- Born: July 27, 1986 (age 39) New York City, U.S.
- Occupations: Art dealer, actor, writer, producer
- Father: Julian Schnabel
- Relatives: Stella Schnabel (sister)
- Website: vitoschnabel.com

= Vito Schnabel =

American art dealer

Vito Schnabel (born July 27, 1986) is an American art dealer, actor, writer, and producer. He is the owner of Vito Schnabel Gallery, which has locations in New York and St. Moritz, Switzerland.

== Life and career ==
Vito Schnabel was born on July 27, 1986. He is the son of artist and filmmaker Julian Schnabel and designer Jacqueline Beaurang. He has two sisters and two half-brothers. Schnabel graduated from Saint Ann's School in Brooklyn and briefly attended Columbia University.

Schnabel organized his first exhibition—a group show in New York—in 2003 at the age of 16. In 2013, Schnabel opened his first gallery on Clarkson Street in Manhattan. In 2015, Vito Schnabel Gallery’s second location opened in St. Moritz. The gallery is located in the former gallery space of celebrated art dealer Bruno Bischofberger, a lifelong friend and mentor to Schnabel. The inaugural exhibition at the Swiss outpost of Vito Schnabel Gallery was Urs Fischer: Bruno & Yoyo.

In 2021, Vito Schnabel Gallery opened a gallery on West 19th Street in New York’s Chelsea Arts District. Vito Schnabel Gallery operated a temporary exhibition space in the historic Old Santa Monica Post Office in Santa Monica, California from 2021 - 2023.

Schnabel works closely with Major Food Group, a restaurant group that operates restaurants such as Carbone and ZZ's Clam Bar. Schnabel partners with them in many of their ventures and curates the art in several of their restaurants.

Schnabel is also a filmmaker. Schnabel produced and starred in the feature film The Trainer (2024), a dark comedy based on an original story by Schnabel and co-written with Jeff Solomon. The Trainer is directed by Tony Kaye and stars Schnabel along with a large ensemble cast.

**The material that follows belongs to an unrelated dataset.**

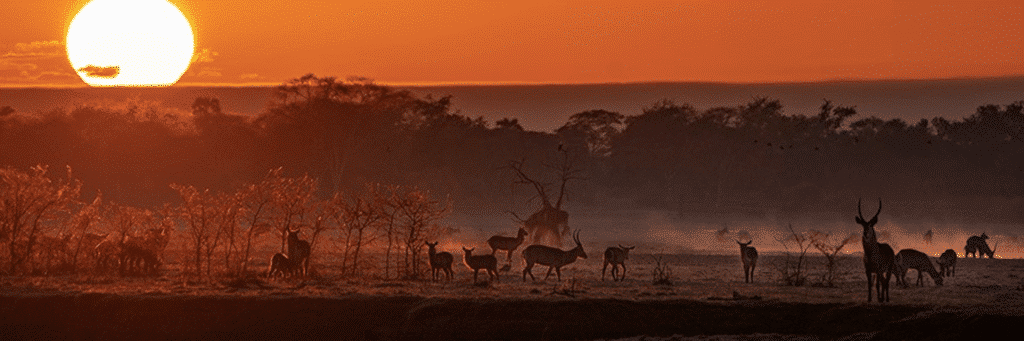 Wildcam Gorongosa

Schnabel is producer of In the Hand of Dante, an upcoming American-Italian drama film, written and directed by Julian Schnabel. It is based upon the novel of the same name by Nick Tosches. It stars Oscar Isaac, Jason Momoa, Gerard Butler and Gal Gadot. Martin Scorsese serves as an executive producer. In Feb 2024, Schnabel appeared in Ryan Murphy's series Feud: Capote vs. The Swans as "Rick" opposite Tom Hollander as Truman Capote.